At this juncture I was about to drop a Marco quote, but given the subject matter the irony would have been too much.
So, without quoting Marco, I shall explain. It all starts at the top. The big dog, the head chef. They set the precedent, ultimately it’s their attitude, approach, taste and demeanour that sets the tone for the entire brigade. A good one will create a genuinely supportive and inspirational environment where their underlings strive to learn, to improve and impress. A bad one will at best fail to attract and retain talent, and at worst deplete the motivation of those that already had it. In between there’s myriad personality types heading up kitchens across the land, each with their own idiosyncrasies.

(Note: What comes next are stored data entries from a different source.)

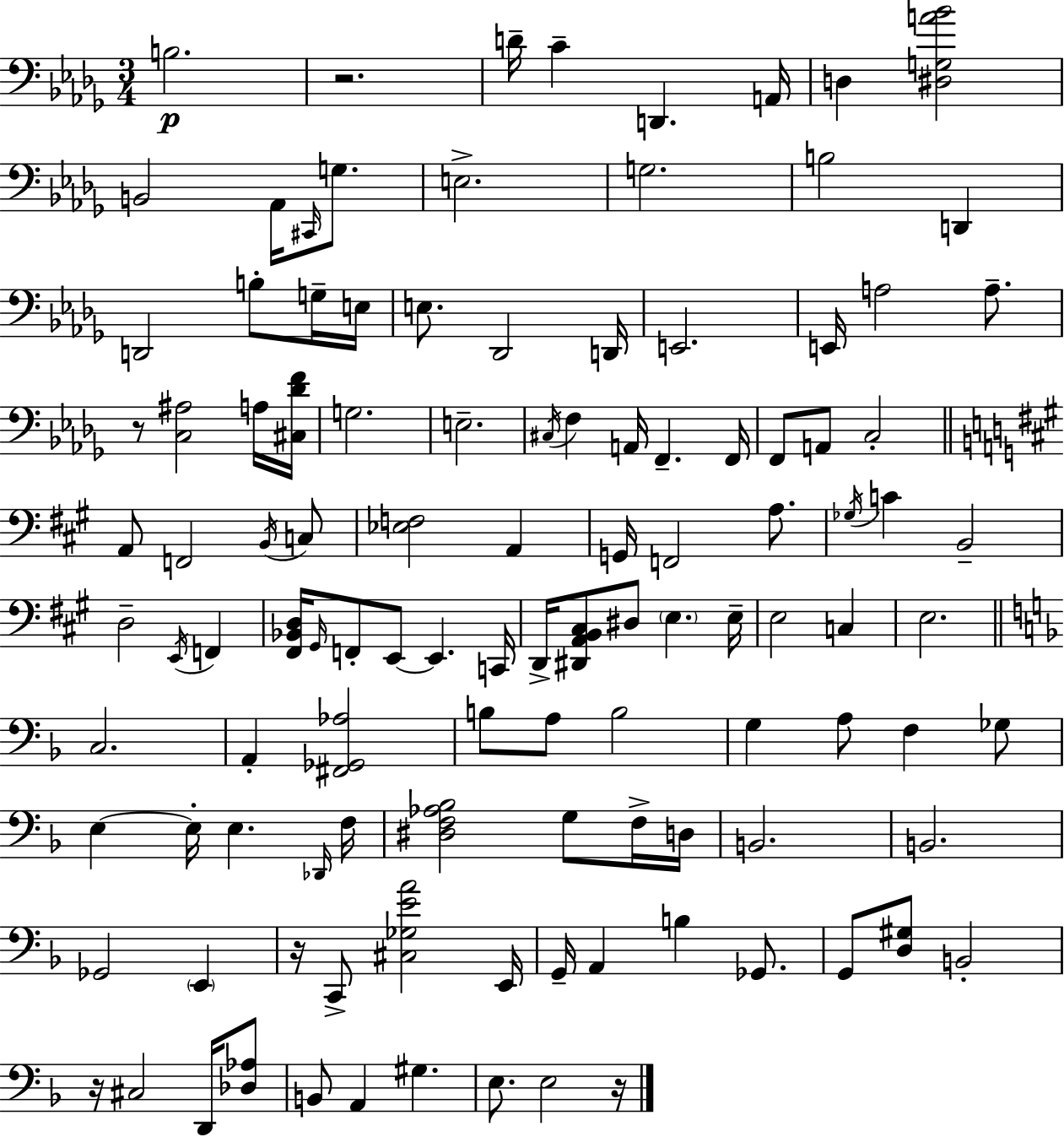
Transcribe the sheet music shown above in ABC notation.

X:1
T:Untitled
M:3/4
L:1/4
K:Bbm
B,2 z2 D/4 C D,, A,,/4 D, [^D,G,A_B]2 B,,2 _A,,/4 ^C,,/4 G,/2 E,2 G,2 B,2 D,, D,,2 B,/2 G,/4 E,/4 E,/2 _D,,2 D,,/4 E,,2 E,,/4 A,2 A,/2 z/2 [C,^A,]2 A,/4 [^C,_DF]/4 G,2 E,2 ^C,/4 F, A,,/4 F,, F,,/4 F,,/2 A,,/2 C,2 A,,/2 F,,2 B,,/4 C,/2 [_E,F,]2 A,, G,,/4 F,,2 A,/2 _G,/4 C B,,2 D,2 E,,/4 F,, [^F,,_B,,D,]/4 ^G,,/4 F,,/2 E,,/2 E,, C,,/4 D,,/4 [^D,,A,,B,,^C,]/2 ^D,/2 E, E,/4 E,2 C, E,2 C,2 A,, [^F,,_G,,_A,]2 B,/2 A,/2 B,2 G, A,/2 F, _G,/2 E, E,/4 E, _D,,/4 F,/4 [^D,F,_A,_B,]2 G,/2 F,/4 D,/4 B,,2 B,,2 _G,,2 E,, z/4 C,,/2 [^C,_G,EA]2 E,,/4 G,,/4 A,, B, _G,,/2 G,,/2 [D,^G,]/2 B,,2 z/4 ^C,2 D,,/4 [_D,_A,]/2 B,,/2 A,, ^G, E,/2 E,2 z/4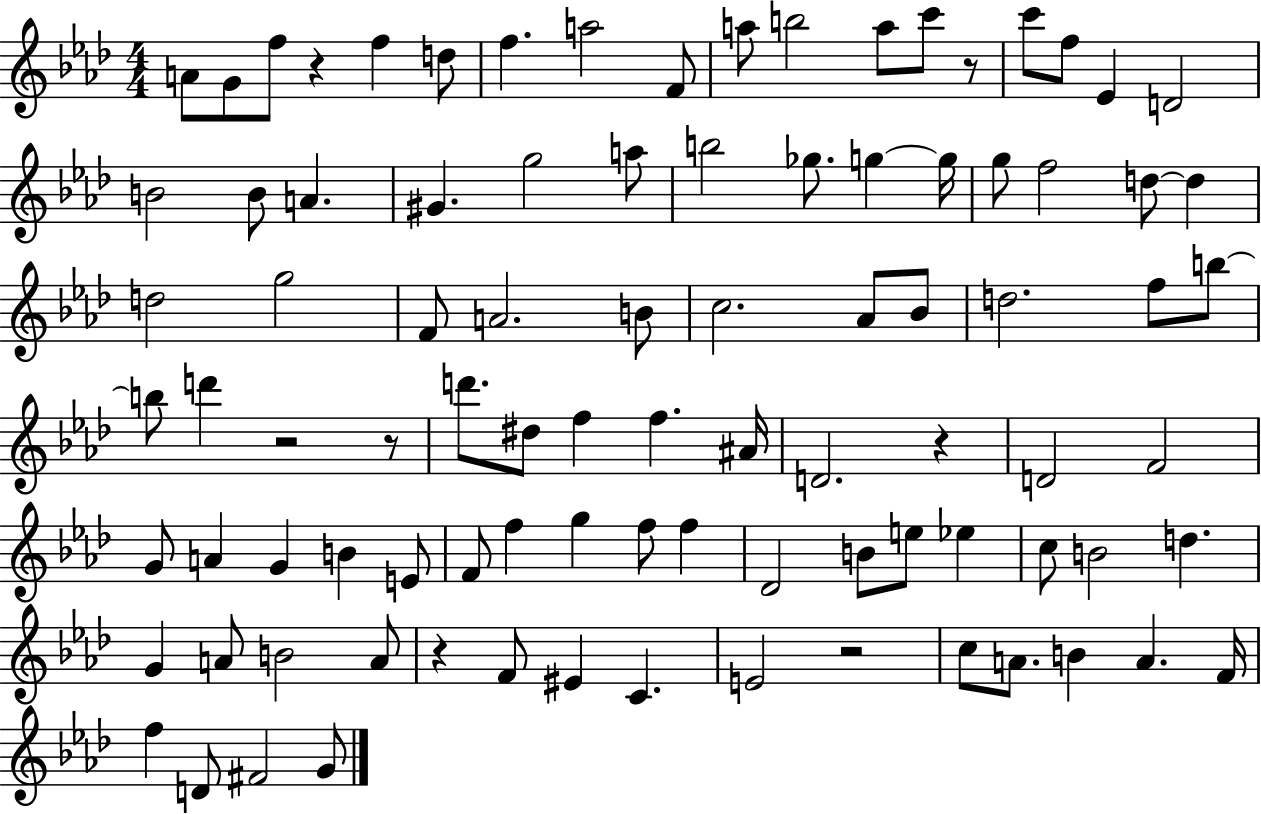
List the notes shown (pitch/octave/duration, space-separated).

A4/e G4/e F5/e R/q F5/q D5/e F5/q. A5/h F4/e A5/e B5/h A5/e C6/e R/e C6/e F5/e Eb4/q D4/h B4/h B4/e A4/q. G#4/q. G5/h A5/e B5/h Gb5/e. G5/q G5/s G5/e F5/h D5/e D5/q D5/h G5/h F4/e A4/h. B4/e C5/h. Ab4/e Bb4/e D5/h. F5/e B5/e B5/e D6/q R/h R/e D6/e. D#5/e F5/q F5/q. A#4/s D4/h. R/q D4/h F4/h G4/e A4/q G4/q B4/q E4/e F4/e F5/q G5/q F5/e F5/q Db4/h B4/e E5/e Eb5/q C5/e B4/h D5/q. G4/q A4/e B4/h A4/e R/q F4/e EIS4/q C4/q. E4/h R/h C5/e A4/e. B4/q A4/q. F4/s F5/q D4/e F#4/h G4/e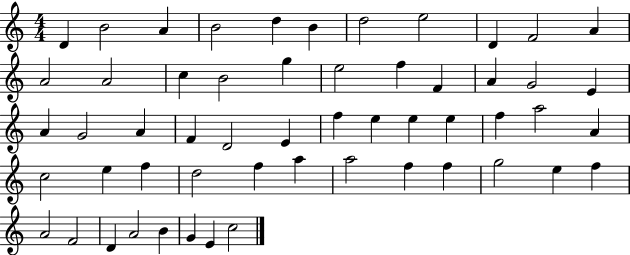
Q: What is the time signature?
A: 4/4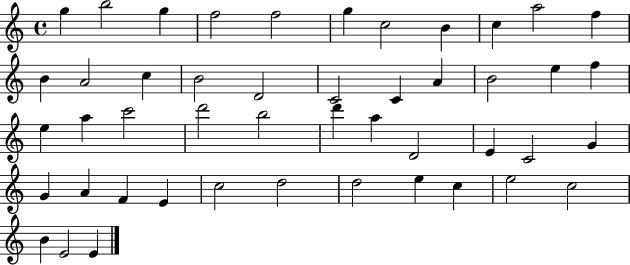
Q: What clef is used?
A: treble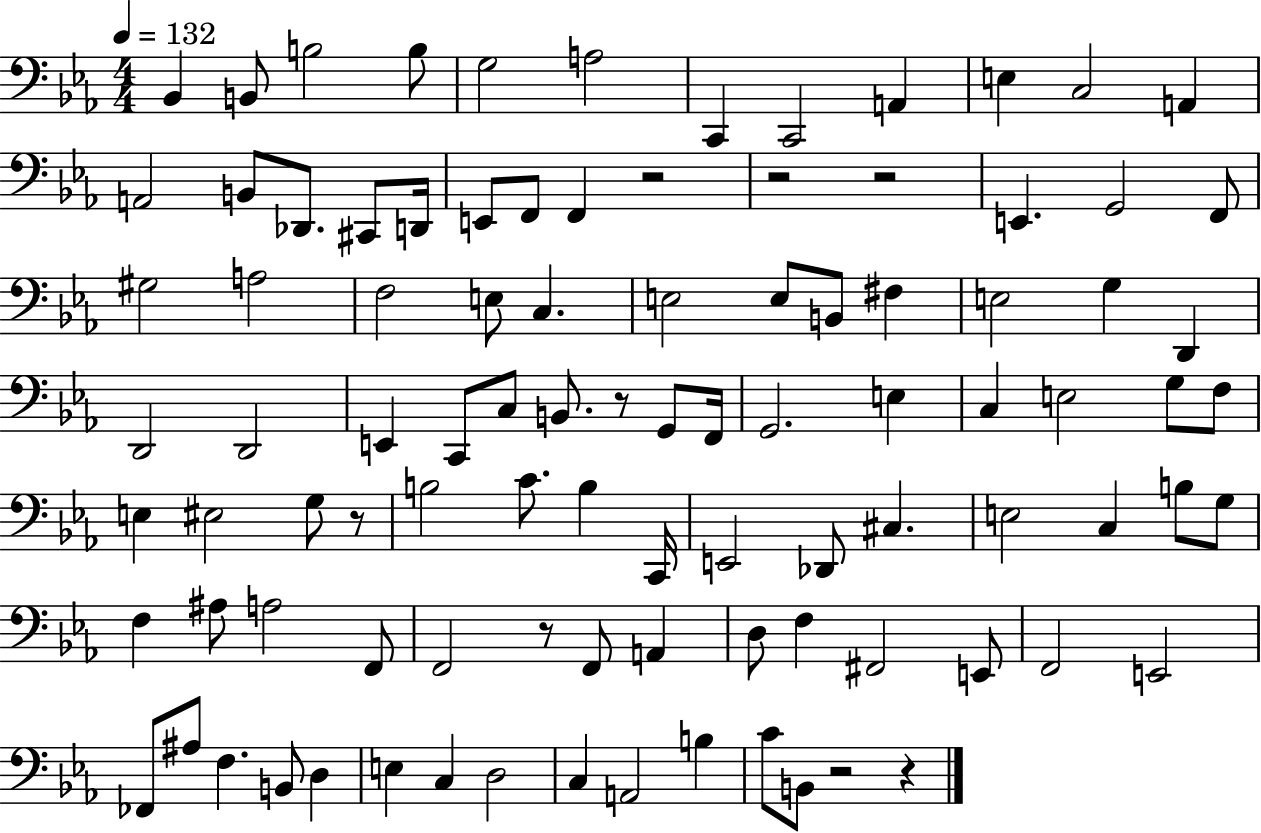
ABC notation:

X:1
T:Untitled
M:4/4
L:1/4
K:Eb
_B,, B,,/2 B,2 B,/2 G,2 A,2 C,, C,,2 A,, E, C,2 A,, A,,2 B,,/2 _D,,/2 ^C,,/2 D,,/4 E,,/2 F,,/2 F,, z2 z2 z2 E,, G,,2 F,,/2 ^G,2 A,2 F,2 E,/2 C, E,2 E,/2 B,,/2 ^F, E,2 G, D,, D,,2 D,,2 E,, C,,/2 C,/2 B,,/2 z/2 G,,/2 F,,/4 G,,2 E, C, E,2 G,/2 F,/2 E, ^E,2 G,/2 z/2 B,2 C/2 B, C,,/4 E,,2 _D,,/2 ^C, E,2 C, B,/2 G,/2 F, ^A,/2 A,2 F,,/2 F,,2 z/2 F,,/2 A,, D,/2 F, ^F,,2 E,,/2 F,,2 E,,2 _F,,/2 ^A,/2 F, B,,/2 D, E, C, D,2 C, A,,2 B, C/2 B,,/2 z2 z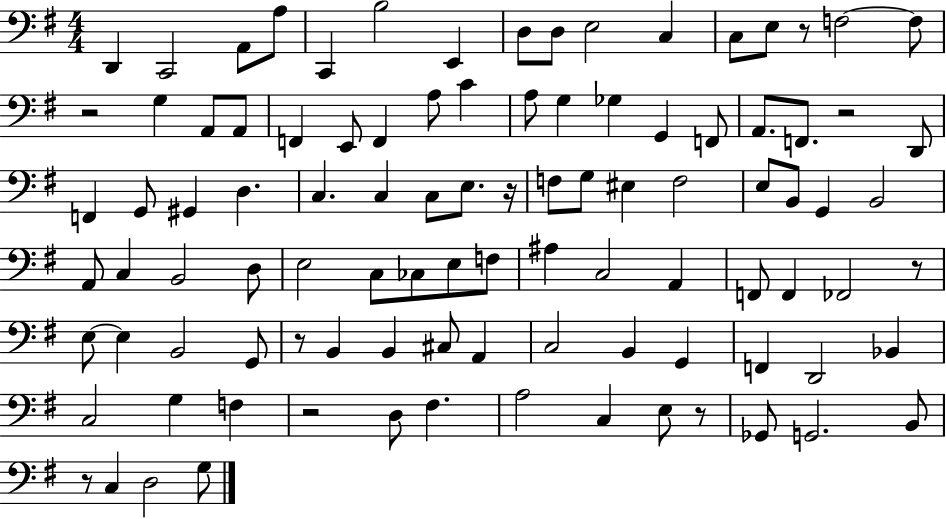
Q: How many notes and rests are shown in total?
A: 99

If the head chef is an alpha type personality, shrinking violets need not apply, that’s a given. But the clashes can be more subtle and varied than that, with people being well respected in one team, only to find they “don’t fit in” with another. In such a confined and pressured space as a kitchen, intimate relationships are forced and as a result we should have realistic expectations about the outcome. If everyone does their best during the recruitment process then you can hope to diminish the chances of there being any serious butting of heads at a later date. But people still make mistakes. For example, if you run a fresh food pub that does the simple things well, then surround yourself with people that appreciate what you’re trying to do. Don’t bring in a Michelin experienced CDP just because they have a great CV. They won’t fit, they’ll want to change things and every other sentence will start with “where I used to work”. You don’t need that guy in your kitchen. We’ve all worked with him at some point. He’s a dick.
I realise that I’m labouring a rather obvious point here but in this industry it’s so important to understand that if you want longevity with your staff, you MUST take account of their personalities as well as their skill sets. With the exception of the very upper echelons of the gastronomic landscape, the majority of business we speak with about recruiting junior chefs have the same prerequisite: “we want someone with a good attitude that’s willing to learn”. That’s the first thing they say. Not “they need to have two year’s experience cooking modern European cuisine at a two rosette level”. To them, it’s secondary. Don’t get me wrong there is certainly an implied level of competence, and certain skill sets identified as prerequisites, but attitude is key. And what constitutes a good attitude is subjective. For the kitchens of the culinary avant-garde, a good attitude could mean the total absence of one. For most it means they want a hard worker that fits with the unique social construct that exists in the kitchen. And each kitchen culture is different, like sour dough starter, it’s the natural result of living organisms being exposed to certain environmental conditions.
In the recruitment game, this is the hard bit, the bit we refer to as the dating agency part of our job. Understanding the industry, solid interview technique and good researching can get you far in assessing someone’s culinary capability. However, when it comes to assessing whether a candidate is a good cultural fit, that’s a different matter entirely. And although it’s not strictly in our remit to assess these things we always try to. To a certain extent social media has helped us profile personalities and interests in an effort to align them with those of a client, but it’s not easy to get that aspect right. The only real answer would be to move in with each candidate for 6 months, hoping to truly understand what makes them tick. So we settle for doing our best, and it seems to work.
Ultimately no one can ever be 100% sure. There’s always risk. Get it right and you end up with a tight, happy crew. Get it wrong and you end up with, well Christmas at my house.